Im Museum befindet sich, wie in allen musealen Einrichtungen, auch ein Cafè, wo wir zum Abschluss dieses Besichtigungstages die schwedische Gastfreundschaft noch einmal genießen.

Am Donnerstag (30.07.) sind wir am Vormittag in der Burg Eketorp in der Stora Alvaret, eine ca. 2000 Jahre alte Burg, die seit 1964 komplett wieder aufgebaut wurde und 1974 vom König eröffnet wurde. Die Burg sieht so ähnlich aus wie die Slawenburg Raddusch.

Die erste Burganlage in der unwirtlichen Gegend im Süden Ölands wurde am Beginn der Germanischen Eisenzeit (etwa 300 n. Chr.) errichtet, bis ins 13. Jahrhundert in drei Phasen um- und ausgebaut und zur Zeit der Christianisierung aufgegeben.

Die Burg aus dem 4. Jahrhundert war eine runde Anlage mit einem Durchmesser von lediglich 57 Meter, von der im Wesentlichen die Ringmauer und eine radiale Innenbebauung gesichert sind. Im 5. Jahrhundert wurde sie abgerissen und um das alte Zentrum eine neue Ringmauer mit einem Durchmesser von 80 Meter errichtet. Es gab innerhalb dieser Ringmauer ungefähr 50 Zellen, die teils an der Innenseite der Mauer später auch im Zentrum standen.

Ende des 7. Jahrhunderts wurde diese zweite Anlage aufgegeben und blieb etwa 300 Jahre ungenutzt. Im 11. Jahrhundert wurde die Ringmauer wieder aufgebaut, die ehemals steinerne Innenbebauung jedoch durch Holzhäuser ersetzt. Dafür gab es einen zweiten äußeren Ringmauersektor, durch den der Zugang zur Anlage geregelt wurde.

Die Ringmauer und die mit Zinnen versehene Brustwehr wurden nach der Art der zweiten Siedlung wiederaufgebaut. Die Innenbebauung besteht aus Steinhäusern der zweiten und Holzhäusern der dritten Nutzungsphase. Im Museum innerhalb der rekonstruierten Häuser der Anlage wird eine Auswahl der 26.000 bei den Ausgrabungen gemachten Funde gezeigt.
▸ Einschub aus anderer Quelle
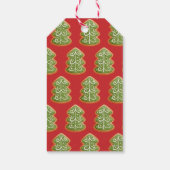 Gebacken mit Liebe Lebkuchen Geschenkanhänger (Rückseite)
Die Kinder konnten Fladenbrot backen sowie mit alten Ritterrüstungen kämpfen. Auf dem Gelände laufen schwarze Schweine frei herum. Die "Eingeborenen" tragen mittelalterliche Kleidung.

Anschließend fuhren wir an die südlichste Spitze von Öland. Dort befindet sich das Naturschutzreservat Ottenby. Man kann dort viele Vögel und Wasservögel beobachten. Besonders bekannt ist es als Rastplatz vieler Zugvögel. Neben einem Vogelmuseum gibt es eine Vogelwarte, die zu den bekanntesten Schwedens zählt. Museum und Warte sind in der Nähe des Leuchtturms Långe Jan angesiedelt. Im Restaurant haben wir erstmalig Fisch bekommen und nicht die ewigen Köttbullar. Wolfgang aß eine Fischsuppe und Sabine gebratenen Hering mit Kartoffelbrei. Am Buffet kann man sich noch Salat holen und der Kaffee gehört selbstverständlich zum Essen dazu.
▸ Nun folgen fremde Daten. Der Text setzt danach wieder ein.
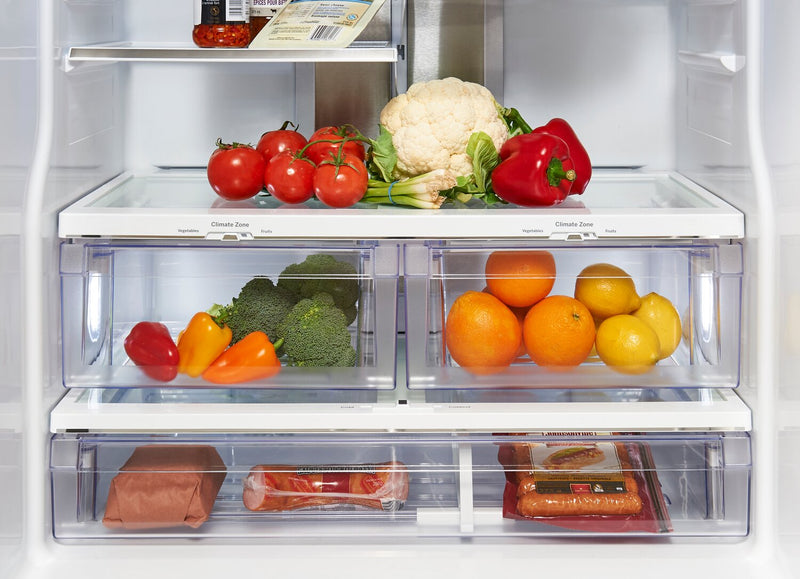 Réfrigérateur Profile de 20,8 pi³ et de 30 po à portes françaises - ardoise - PNE21NMLKES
Nach diesem schönen Tag sitzen wir ab 17.00 Uhr in unseren Zelten, der Wind stürmt von West und bringt einen gewaltigen Regenschauer vom Festland. Aber nach einer halben Stunde ist alles vorbei, nur der Wind bleibt. Hauptsache Freitagmorgen ist's trocken zum letzten Zeltabbau.
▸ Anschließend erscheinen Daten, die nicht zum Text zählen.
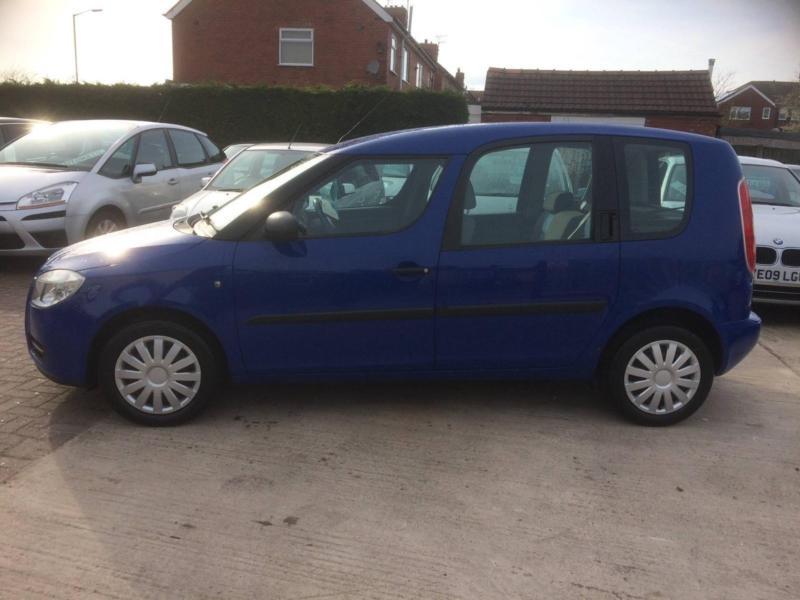 Skoda roomster 2008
Am Freitag (31.07.) reisen Christel, Sabine und Wolfgang ab. Sie fahren auf einen Zeltplatz in der Nähe von Malmö, um die Fähre Gedser – Rostock am Sonnabend rechtzeitig zu erreichen. Christine und Holger bleiben noch einen Tag auf Öland, da ihre Fähre ab Trelleborg erst Samstagabend fährt und das ist von hier bestens zu schaffen.